(Available data)
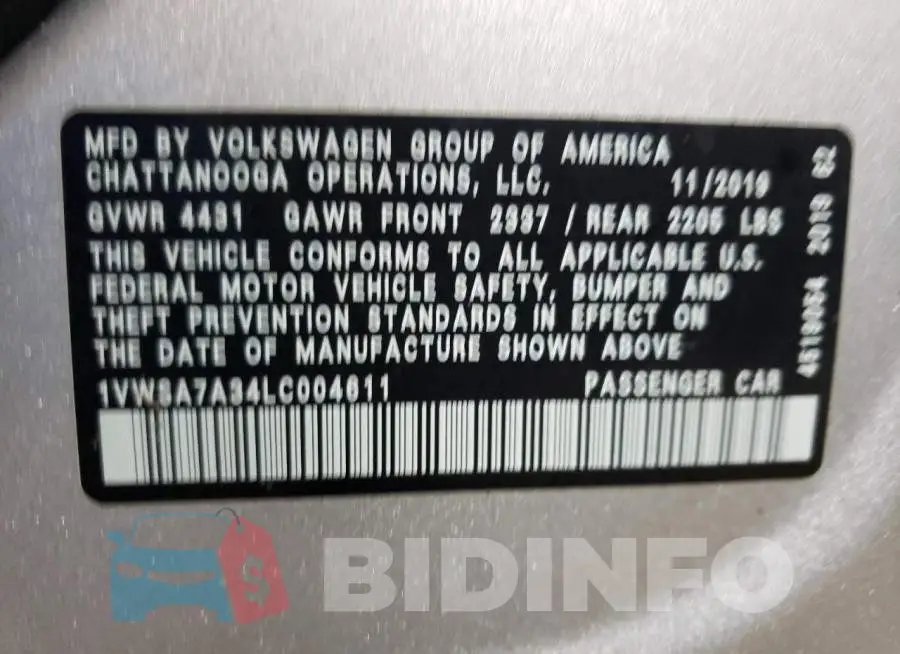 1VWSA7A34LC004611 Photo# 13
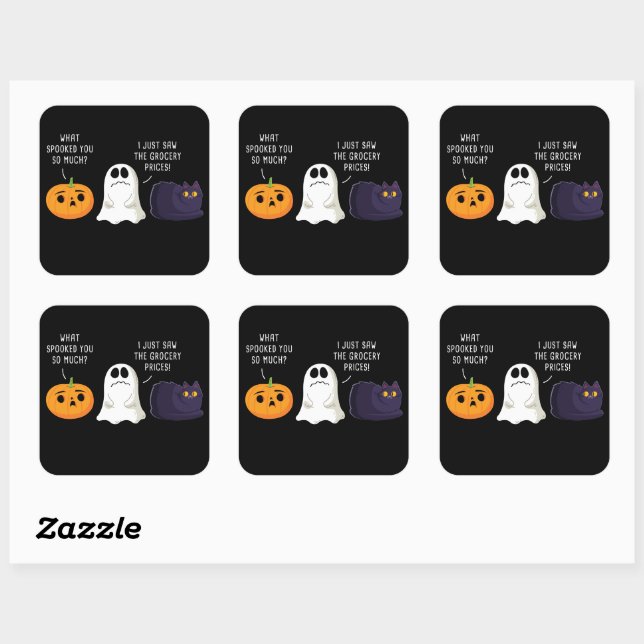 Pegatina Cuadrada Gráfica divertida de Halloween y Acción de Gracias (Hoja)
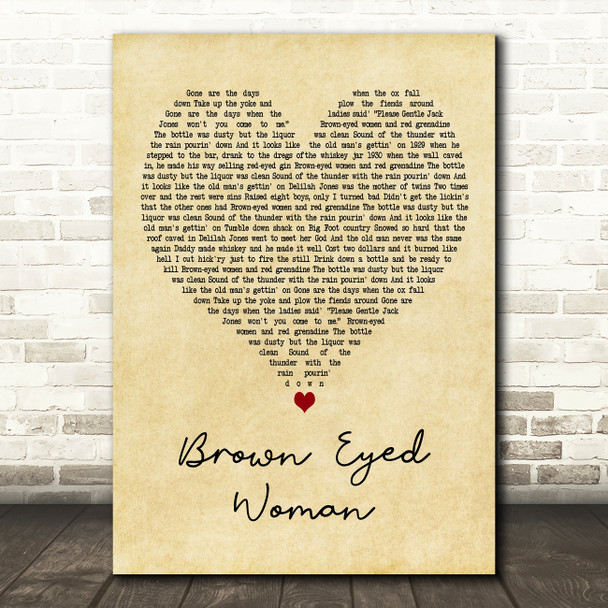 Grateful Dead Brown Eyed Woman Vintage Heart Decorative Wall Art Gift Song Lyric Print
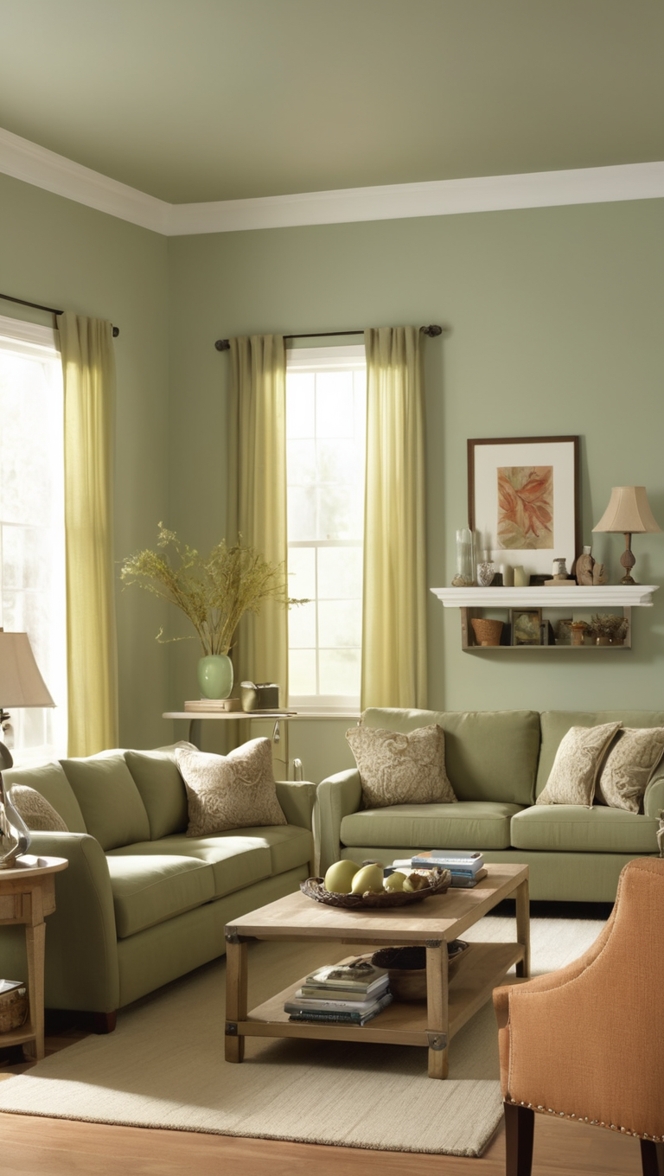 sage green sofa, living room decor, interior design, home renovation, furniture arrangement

(Your instructions) Pictures are not part of the copy. Reproduce the lines from the one with "Grateful Dead Brown" through the end of the listing above.

(Solution to this task)
 Grateful Dead Brown Eyed Woman Vintage Heart Decorative Wall Art Gift Song Lyric Print
 sage green sofa, living room decor, interior design, home renovation, furniture arrangement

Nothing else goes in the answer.